#### [TASK REQUIREMENTS]
From the first line to the last, output the data exactly as it stands, minus its pictures.

:: THE DATA

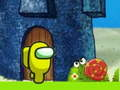 Joc SpongeBob Printre Noi  on-line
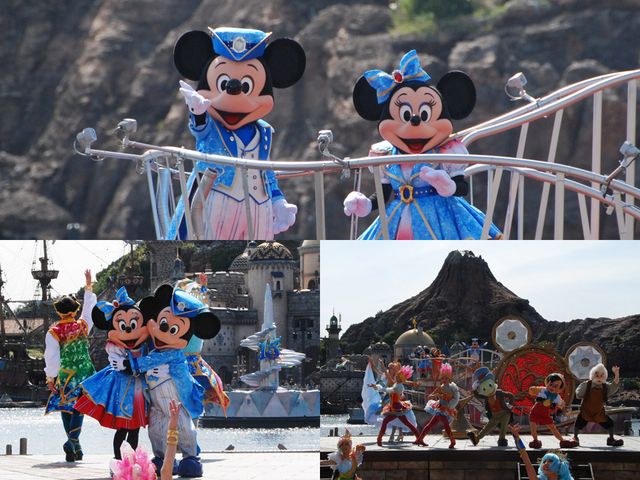 ディズニー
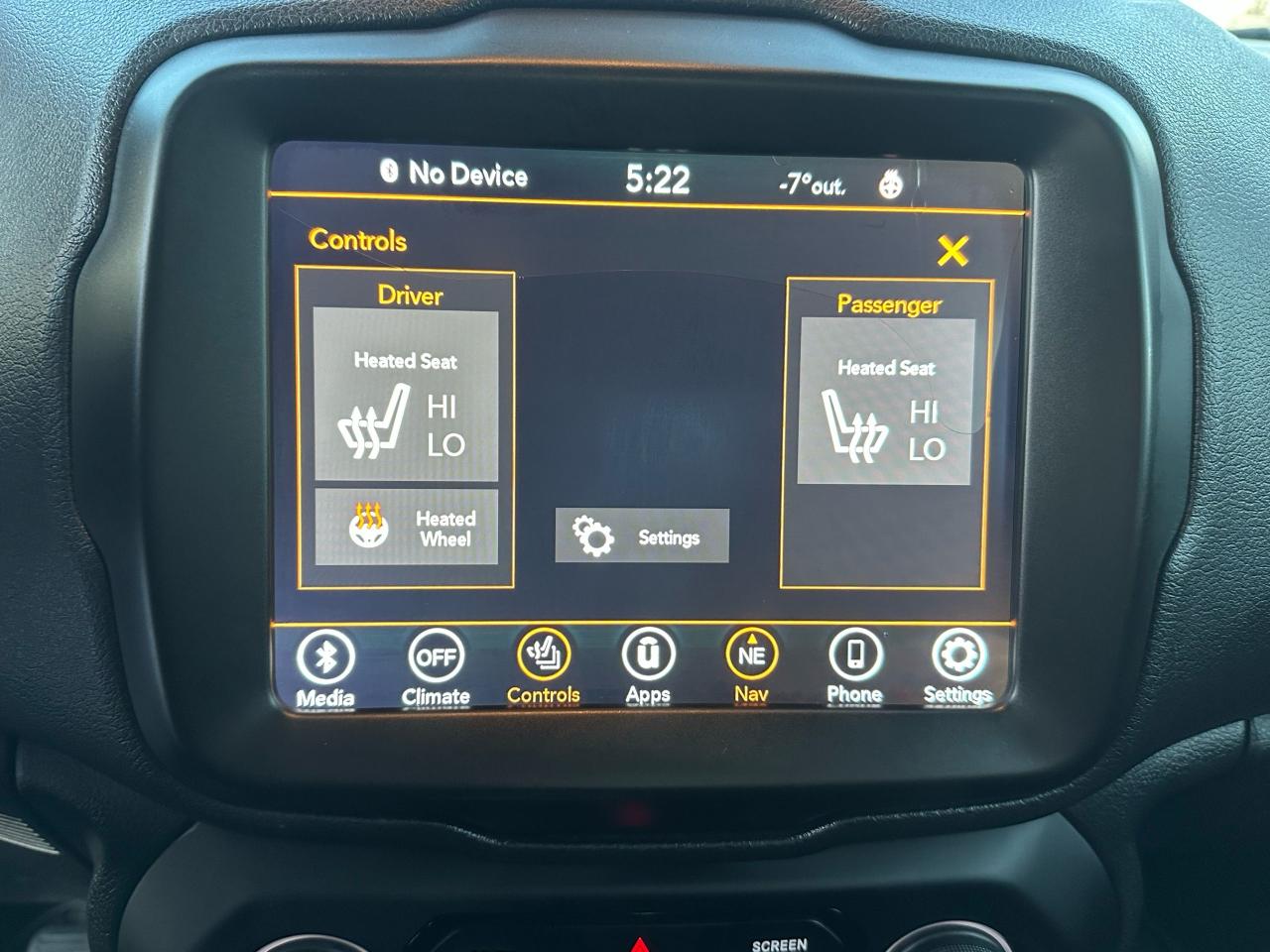 2019 Jeep Renegade Trail Hawk - Photo #16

::::

#### [REPLY TO THE TASK]
 Joc SpongeBob Printre Noi  on-line
 ディズニー
 2019 Jeep Renegade Trail Hawk - Photo #16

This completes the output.